Fastest Bowler in the World: Fidel Edwards – 157.7 km/hr
Fidel Henderson Edwards has been a key bowler for the West Indies since 2003. He was spotted by West Indies legend Brain Lara in nets. Within days of his national callup, Fidel bowled his fastest delivery of 57.7 km/hr against South Africa in 2003.
Fidel, who still continues to ply his trade with the Birmingham Bears, has picked 165 test wickets and 60 ODI wickets till 2020 Fidel took 165 wickets in Test cricket and 60 wickets in ODIs as of 2019. Fidel has also played for IPL sides Deccan Chargers and Rajasthan Royals.
Fastest Bowler in the World: Andy Roberts – 159.5 km/hr
Sir Andy Roberts is the second West Indian Fast Bowler to make our list of fastest bowlers in the world. He bowled his fastest ever ball at 159.5 km/hr against Australia in Perth, 1975. He was nicknamed as the ‘Jaw Breaker’ due to his mean, too quick, too deadly style of bowling.
Sir Andy Roberts was a man of achievements! He was the 1st player from Antigua to ever make the West Indies squad. He has picked 7 wickets in an innings, not once but twice. One of the best test cricket bowlers produced in the Carribean, Roberts also has two ten-wicket hauls in tests.
Mitchell Starc – 160.4 km/hr
Australian bowler Mitchell Starc clocked his fastest delivery of 160.4 km/hr against New Zealand’s Ross Taylor in 2015. The young fiery, from New South Wales, sits on fifth place when it comes to the list of fastest bowlers in the world. One of the most feared bowlers of the game, he has dominated international oppositions for Australia.
Starc has been spearheading the Australian bowling attack alongside Pat Cummins and has kept the reputation up to the mark after an era of Brett Lee, Glenn McGrath, and Jason Gillespie.
Jeff Thomson – 160.6 km/hr
Former Australian pacer Jeffrey Robert Thomson was considered as the fastest bowler of his era. His fastest ball- 160.6 km/hr came against the West Indies in Perth, 1975. Thompson has picked 200 test wickets and 55 ODI wickets between 1972 and 1985.
Along with Dennis Lillee, Thompson became one of the most feared attacking in test cricket era of the 1970s and 1980s. The Australian Cricket Board inducted Thomson into their Hall of fame in January 2016.
Shaun Tait – 161.1 km/hr
Shaun Tait is the next name on our list of fastest bowlers in the world. He dominated over batting lineups for 11 years between 2005 and 2016. Tait’s fastest ever ball came against England when he clocked 161.1 km/hr. Known predominantly as an ODI bowler, Tait picked 62 wickets for Australia in ODIs.
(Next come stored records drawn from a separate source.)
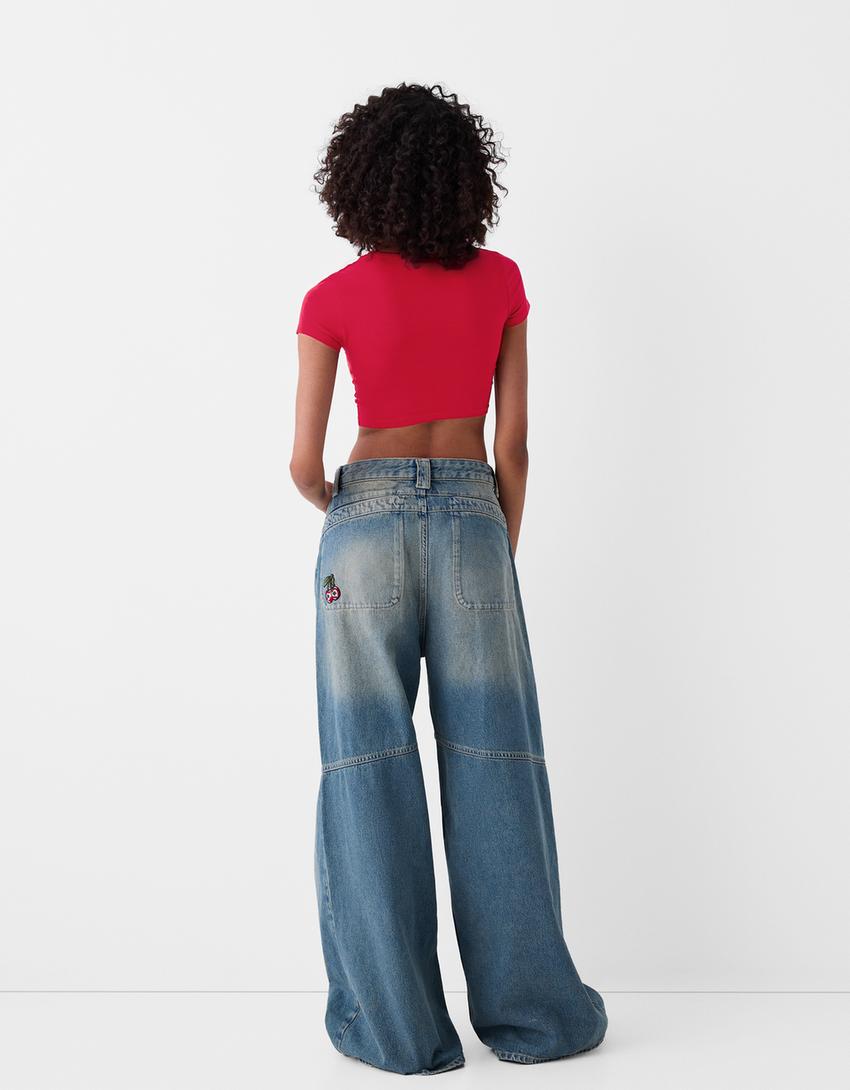 Desenli kısa kollu t-shirt-Kırmızı-1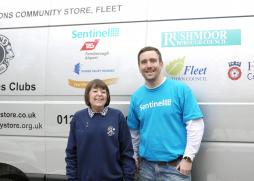 Bev and representative of Sentinel, one of our sponsors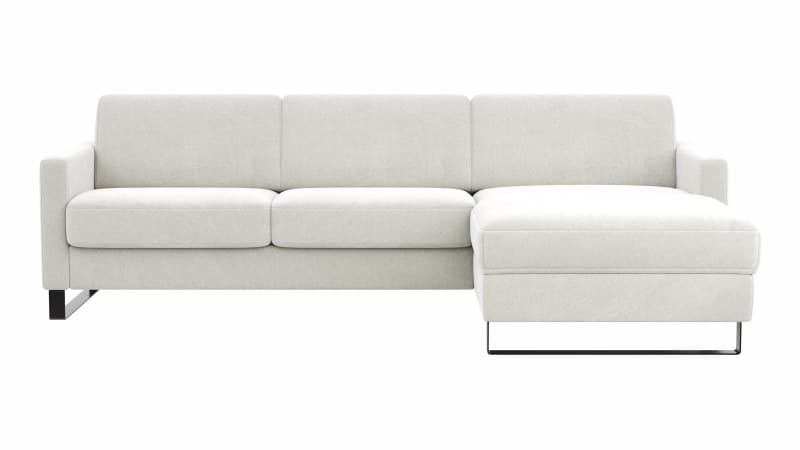 Schlafsofa Laredo - 2-Sitzer mit Longchair rechts inkl. Schlaffunktion mit Bettkasten, Stoff, Offwhite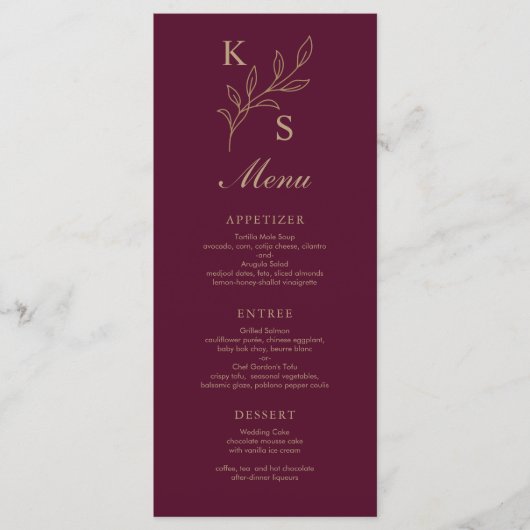 Floral Wedding Monogram Minimalistisch Menu (Voorkant)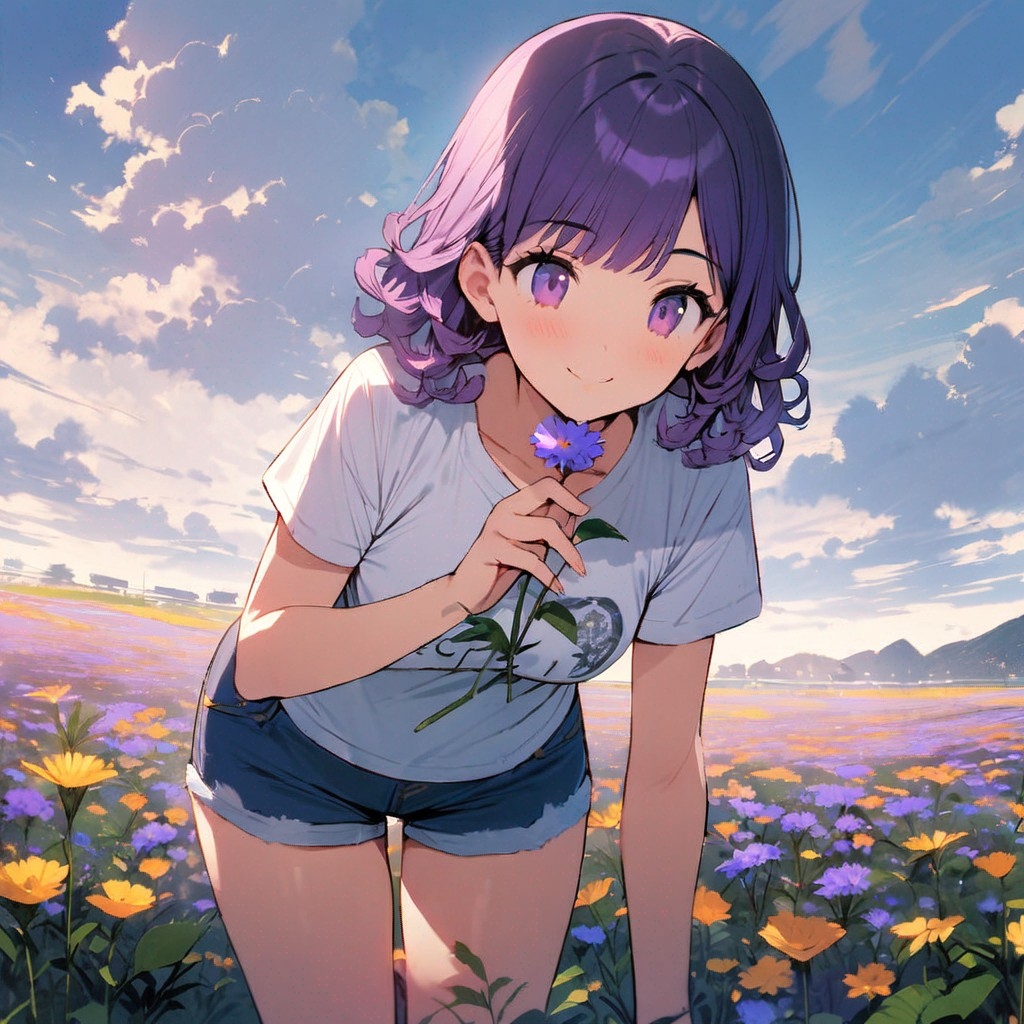 Example result. Prompt: 1girl, smiling, tshirt, jean shorts, purple curly hair, standing on a wildflower hill, bending over to pick a flower, flower in her…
He has also played T20 International matches. Domestically, Tait has played for a number of teams like the Rajasthan Royals, Kolkata Knight Riders, Hobart Hurricanes, Adelaide Strikers, and the Melbourne Renegades. The lanky tall Australian retired from all forms of cricket in March 2017.
Brett Lee – 161.1 km/hr
Brett Lee is, without doubt, Australia’s best bowler and among the top three in the world. The Australian was feared for his pace and his fastest delivery of 161.1 km/hr against New Zealand, 2005 shows why. He has an amazing career record of 310 test wickets, 280 ODI wickets, and 487 First-Class cricket.
Brett Lee was among the top reasons why Australia dominated cricket from the late 1990s to 2010. He was instrumental in Australia’s World Cup domination in 1999, 2003, and then again in 2007.
Fastest ball in cricket history: Shoaib Akhtar – 161.3 km/hr
Former Pakistani pacer Shoaib Akhtar is officially the fastest bowler in the world. Known as the ‘Rawalpindi Express’, Akhtar set a world record by bowling the fastest delivery of 161.3 km/hr against England in the 2003 ICC World Cup.
While modern-day bowlers struggle to hit 150 km/hr, Akhtar has crossed the 160 km/hr marker, not once but twice in his career. However, there have been allegations that the bowler used unfair means, including doping, to achieve the feat.
Akhar finished his 14-year career in 2011 with 178 test wickets and 247 wickets in ODIs. It is not shocking that most of the bowlers on the list are from Australia, the West Indies, and Pakistan. The three teams have had dominant bowling attacks for most of cricket history.